[Aim of the exercise] Would you retype the line that contains "nri raj bhatt" and all lines following it to the end of the entries below, exactly and without pictures?
****
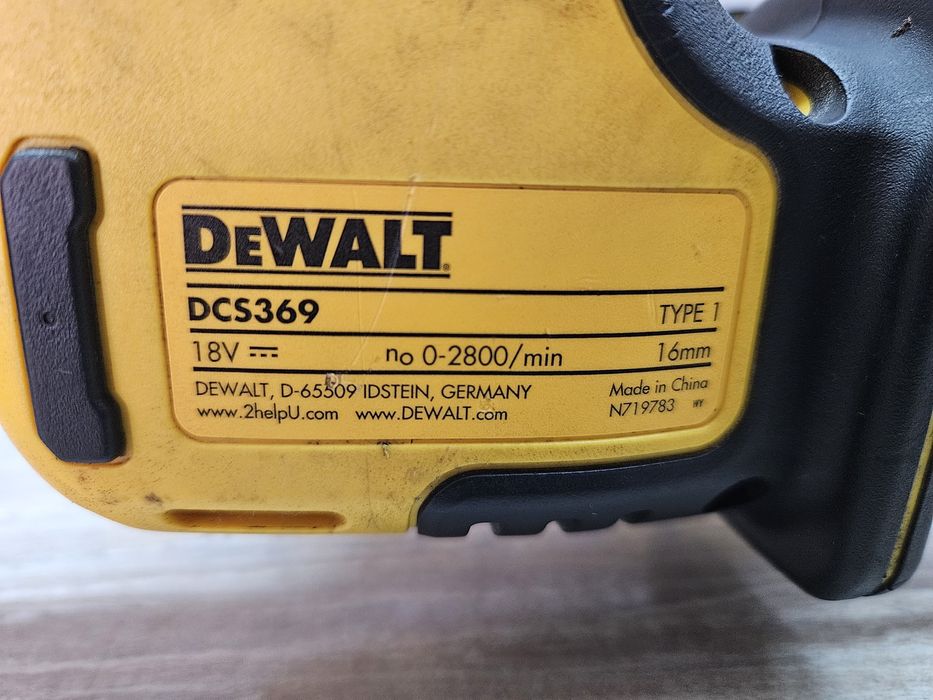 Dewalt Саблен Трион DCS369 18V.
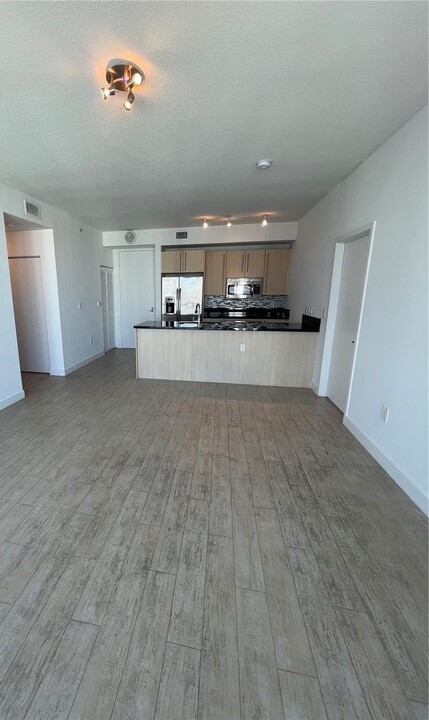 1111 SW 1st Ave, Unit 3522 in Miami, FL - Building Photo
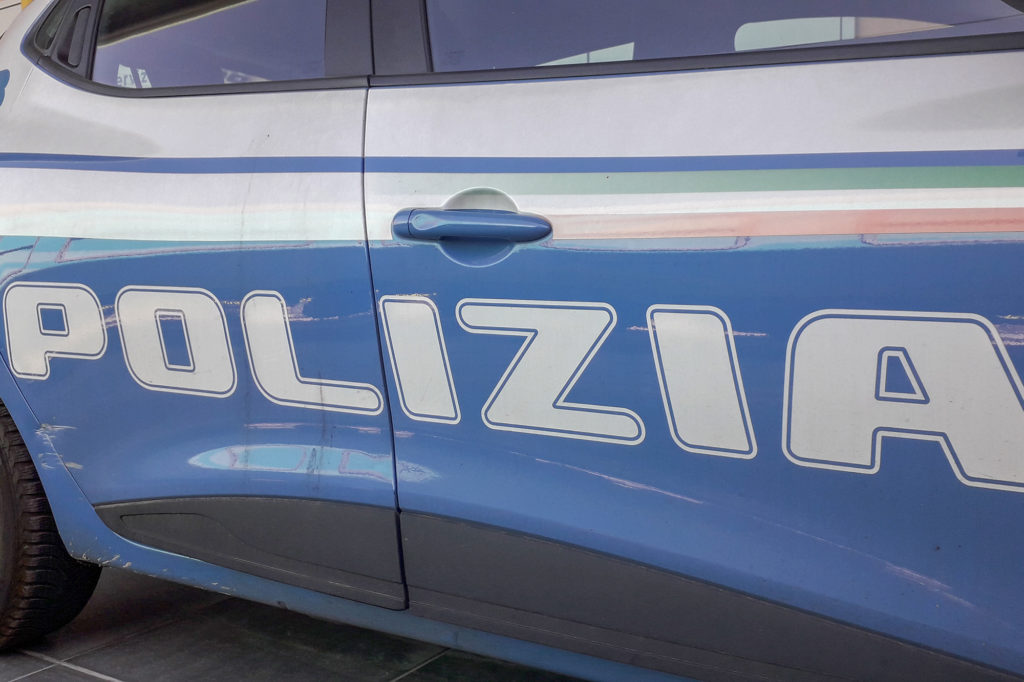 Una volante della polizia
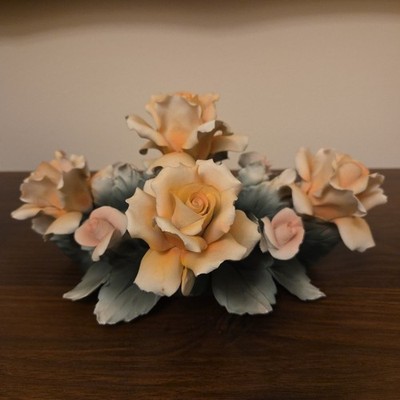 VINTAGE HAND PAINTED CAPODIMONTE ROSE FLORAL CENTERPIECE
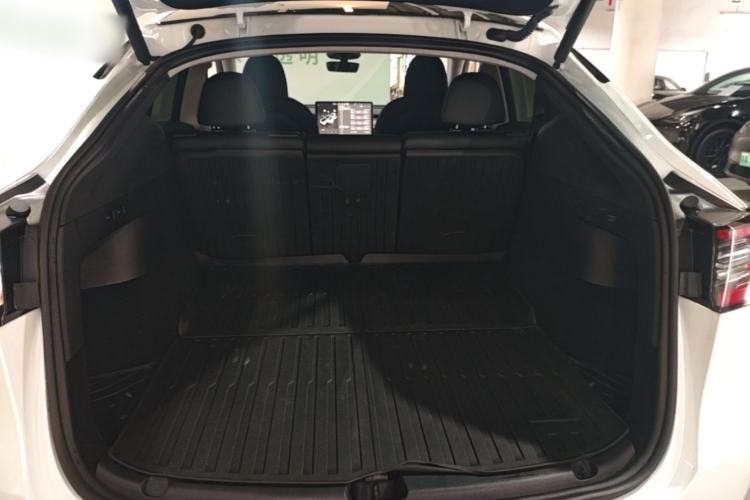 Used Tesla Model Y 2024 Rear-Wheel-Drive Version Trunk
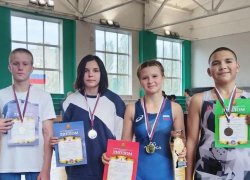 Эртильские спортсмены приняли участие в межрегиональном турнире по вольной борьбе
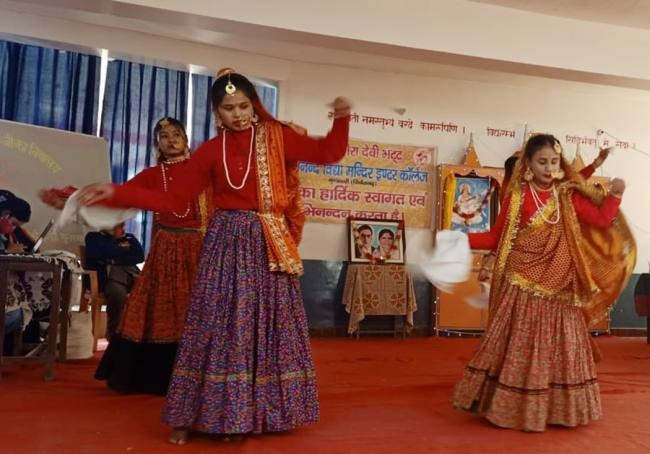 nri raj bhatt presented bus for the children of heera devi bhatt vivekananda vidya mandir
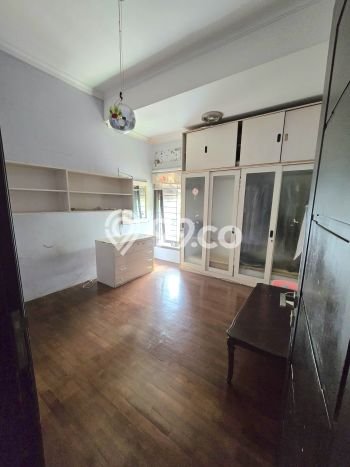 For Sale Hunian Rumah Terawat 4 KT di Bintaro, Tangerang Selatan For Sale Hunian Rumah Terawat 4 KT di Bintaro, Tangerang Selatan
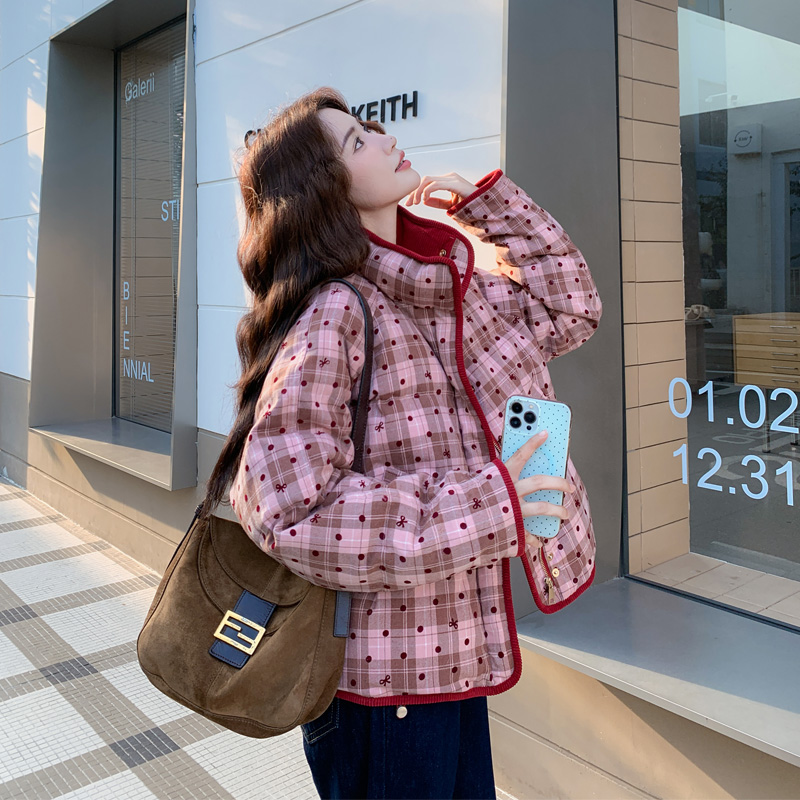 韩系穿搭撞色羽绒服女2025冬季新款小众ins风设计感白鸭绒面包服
****
[Task output]
 nri raj bhatt presented bus for the children of heera devi bhatt vivekananda vidya mandir
 For Sale Hunian Rumah Terawat 4 KT di Bintaro, Tangerang Selatan For Sale Hunian Rumah Terawat 4 KT di Bintaro, Tangerang Selatan
 韩系穿搭撞色羽绒服女2025冬季新款小众ins风设计感白鸭绒面包服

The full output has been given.